Keempat, salah satu pilar smart city adalah smart people. Kita berharap dengan berbagai persoalan terkait transportasi di Jakarta, ada perubahan perilaku masyarakat pengguna. Kemacetan seringkali diciptakan oleh perilaku pengguna yang melanggar lalu lintas, atau belum adanya kesadaran untuk menggunakan transportasi umum. Data Kementerian Perhubungan menyebut baru 32 persen warga Jabodetabek yang menggunakan transportasi umum. Idealnya, ke depan bisa mencapai 60-70 persen. Oleh karena itu, ke depan kita berharap penggunaan transportasi umum bisa menjadi tren gaya hidup.

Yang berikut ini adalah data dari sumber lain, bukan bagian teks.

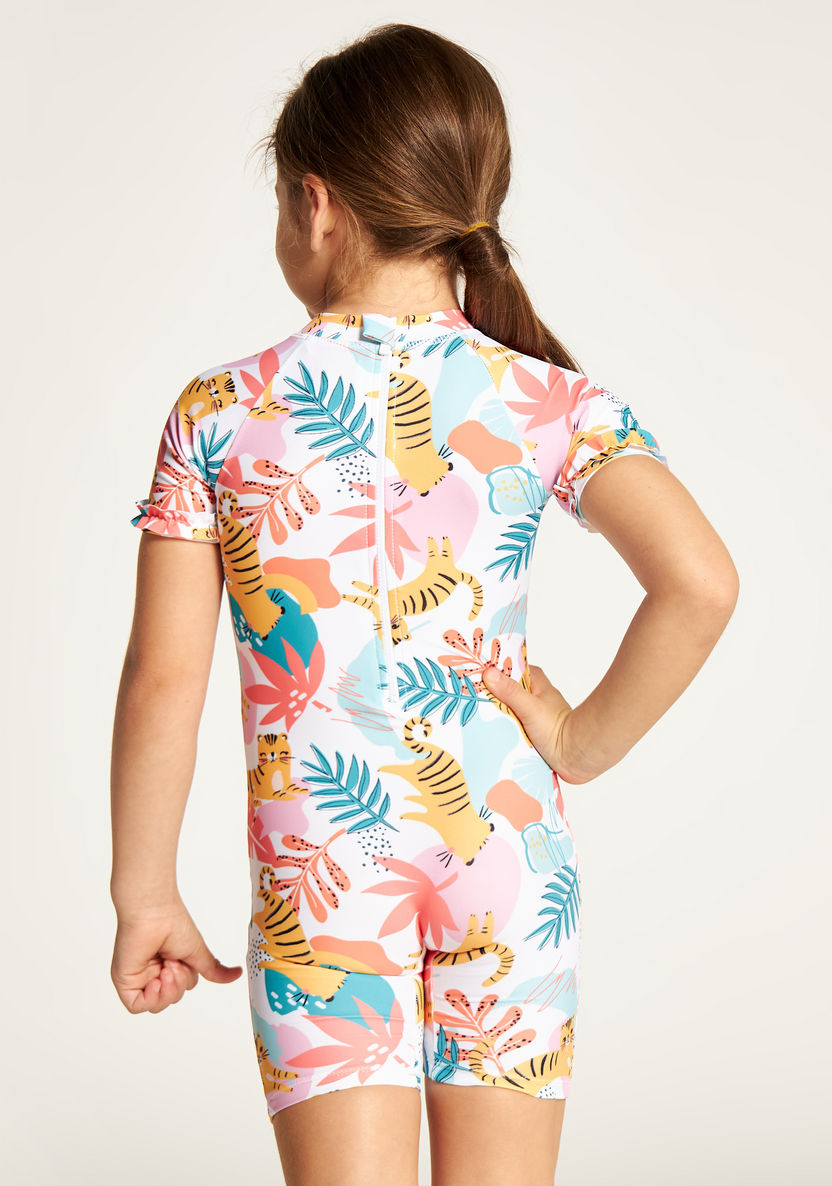 Juniors Printed Swimsuit with Raglan Sleeves-Swimwear-image-3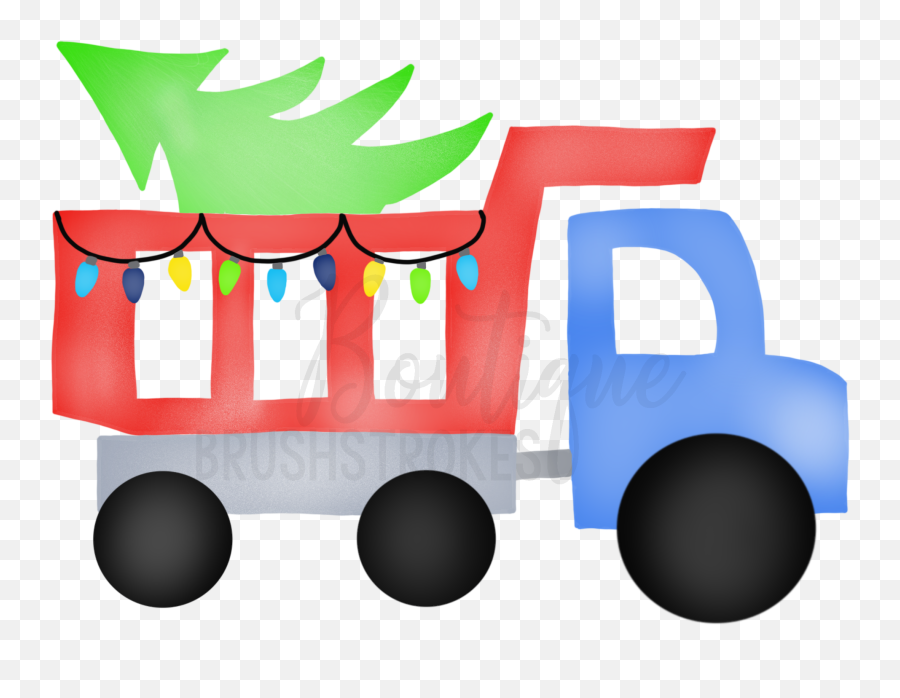 Christmas Watercolor Dumptruck And Tree - Happy Emoji,Dump Truck Clipart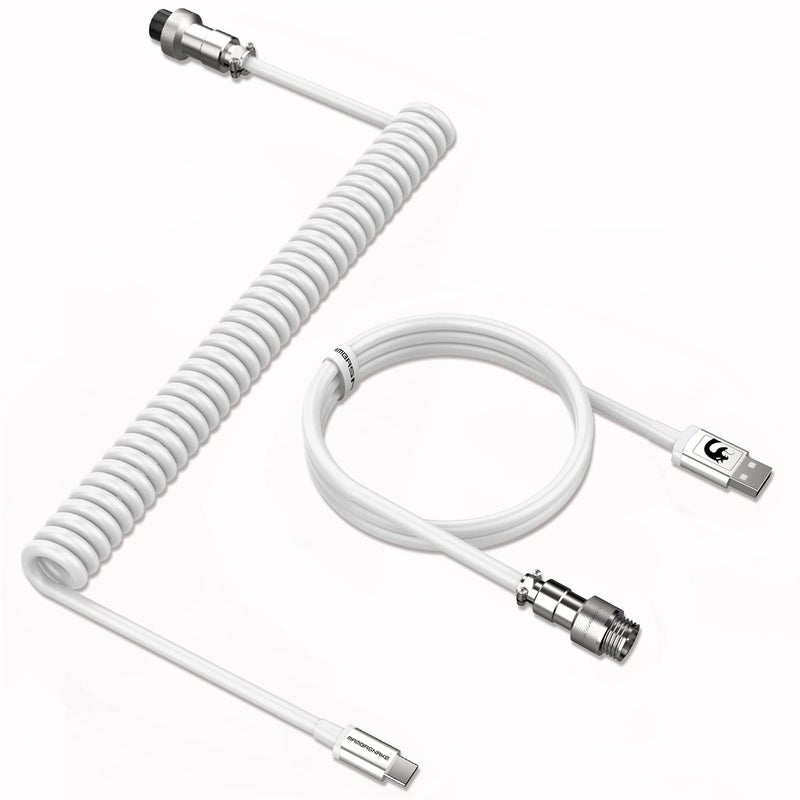 MAMBASNAKE كابل لوحة مفاتيح ملفوف MAMBASNAKE C01، كابل طيار USB-C مخصص احترافي، خط فائق السرعة من Type-C إلى USB-A بمعدل إرجاع 8 كيلو هرتز مع موصل طيران معدني للوحة مفاتيح ألعاب الكمبيوتر - أبيض - Image 1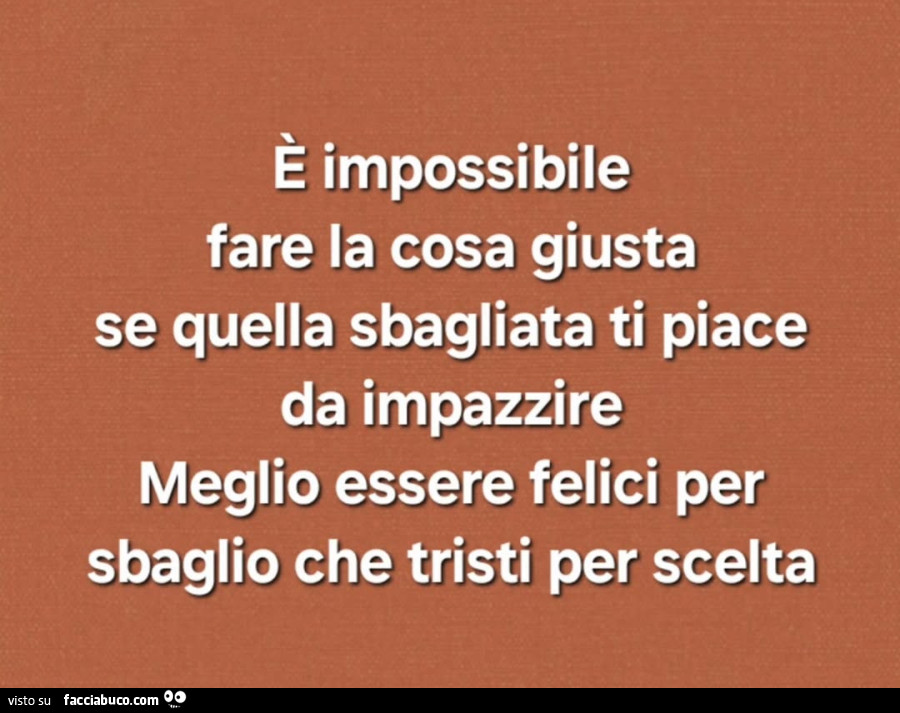 È impossibile fare la cosa giusta se quella sbagliata ti piace da impazzire. Meglio essere felici per sbaglio che tristi per scelta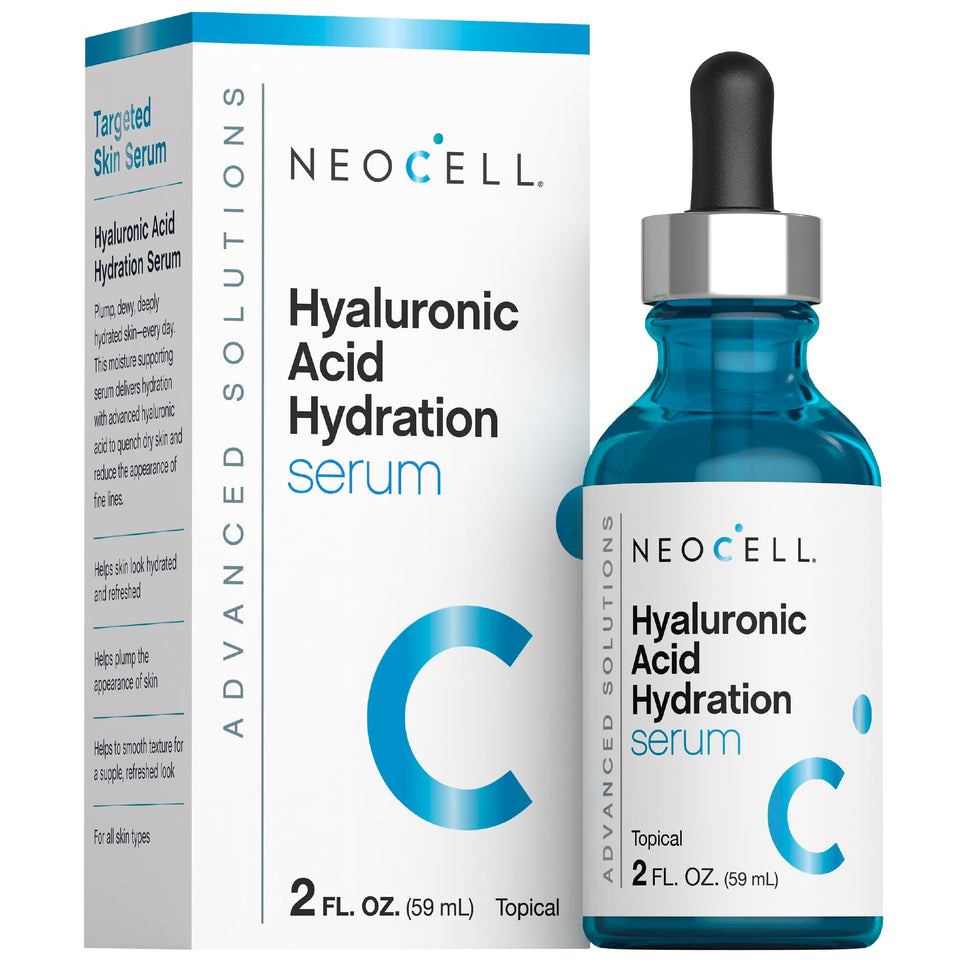 NeoCell Hyaluronic Acid Hydration Serum bottle showing deep hydration benefits.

Sebagai pengguna transportasi publik, saya berharap berbagai masalah di atas dapat segera teratasi. Kita juga berharap masalah transportasi menjadi kesadaran bersama bagi semua pemangku kepentingan untuk bersinergi dan berkolaborasi mencari solusi. Kita sebagai masyarakat juga dapat ikut berperan dengan memberikan masukan dan tertib di jalanan.
M. Hariman Bahtiar warga Jakarta, anggota komunitas Asosiasi Big Data & Artificial Intelligence (ABDI)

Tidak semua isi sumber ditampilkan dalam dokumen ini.